A square wire loop 20 cmon a side, with resistance 20 m$\mathit{\Omega }$ , has its plane normal to a uniform magnetic field of magnitude B = 2.0 T . If you pull two opposite sides of the loop away from each other, the other two sides automatically draw toward each other, reducing the area enclosed by the loop. If the area is reduced to zero in time$\mathbf{∆}\mathit{t}\mathbf{=}\mathbf{0}\mathbf{.}\mathbf{20}\mathit{s}$ ,(a)What is the average emf?(b)What is the average current induced in the loop during$\mathbf{∆}\mathit{t}\mathbf{\text{'}}$?

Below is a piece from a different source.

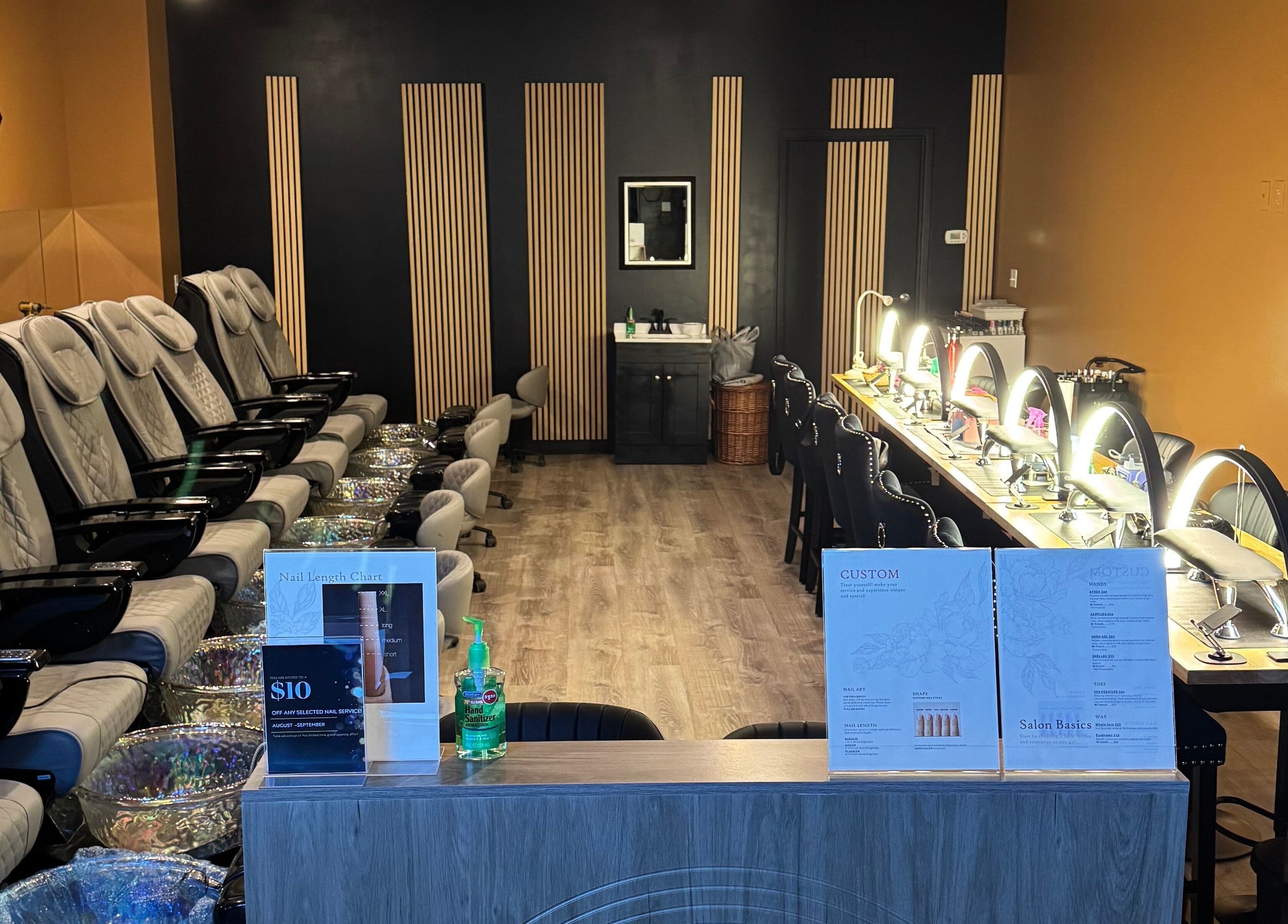 Interior of Lamour Nails in Orem, Utah, US featuring luxury pedicure chairs and manicure stations.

1. The side of a square loop is$l=20\mathrm{cm}=20\times {10}^{-2}\mathrm{m}$
2. The resistance of a wire is$R=20\mathrm{m\Omega }=20\times {10}^{-3}\mathrm{\Omega }$
3. The uniform magnetic field is$B=2.0\mathrm{T}$
4. The time for the reducing area to zero is $∆t=0.20\mathrm{s}$

The average induced emf can be calculated using the equation of emf relating to change in flux over change in time. To find the average current induced we need to use the equation of Ohm’s law.

Formulae:

$$\begin{gathered} {\epsilon }_{avg}=\left|-\frac{d{\varnothing }_B}{dt}\right| \\ ∆{\varnothing }_B=BA \\ {\epsilon }_{avg}=i_{avg}R \end{gathered}$$

The average emf:

The area of the square loop is

$$\begin{gathered} A=l^2 \\ A={\left(20\times {10}^{-2}\mathrm{m}\right)}^2 \\ A=400\times {10}^{-4}{\mathrm{m}}^2 \end{gathered}$$

The expression of magnetic flux is

$$\begin{gathered} ∆{\varnothing }_B=BA \\ ∆{\varnothing }_B=2.0T\times 400\times {10}^{-4}{m}^2 \end{gathered}$$

The average induced emf is

$$\begin{gathered} {\epsilon }_{avg}=\left|-\frac{d{\varnothing }_B}{dt}\right| \\ {\epsilon }_{avg}=\left|-\frac{d{\varnothing }_B}{dt}\right| \\ {\epsilon }_{avg}=\frac{2.0T\times 400\times {10}^{-4}{\mathrm{m}}^2}{0.20\mathrm{s}} \\ {\epsilon }_{avg}=0.40\mathrm{V} \end{gathered}$$

The average current induced in the loop during $∆t$:

According to the Ohm’s law, the average induced current is

$$\begin{gathered} i_{avg}=\frac{{\epsilon }_{avg}}{R} \\ {i}_{avg}=\frac{0.40V}{20\times {10}^{-3}\Omega } \\ {i}_{avg}=20A \end{gathered}$$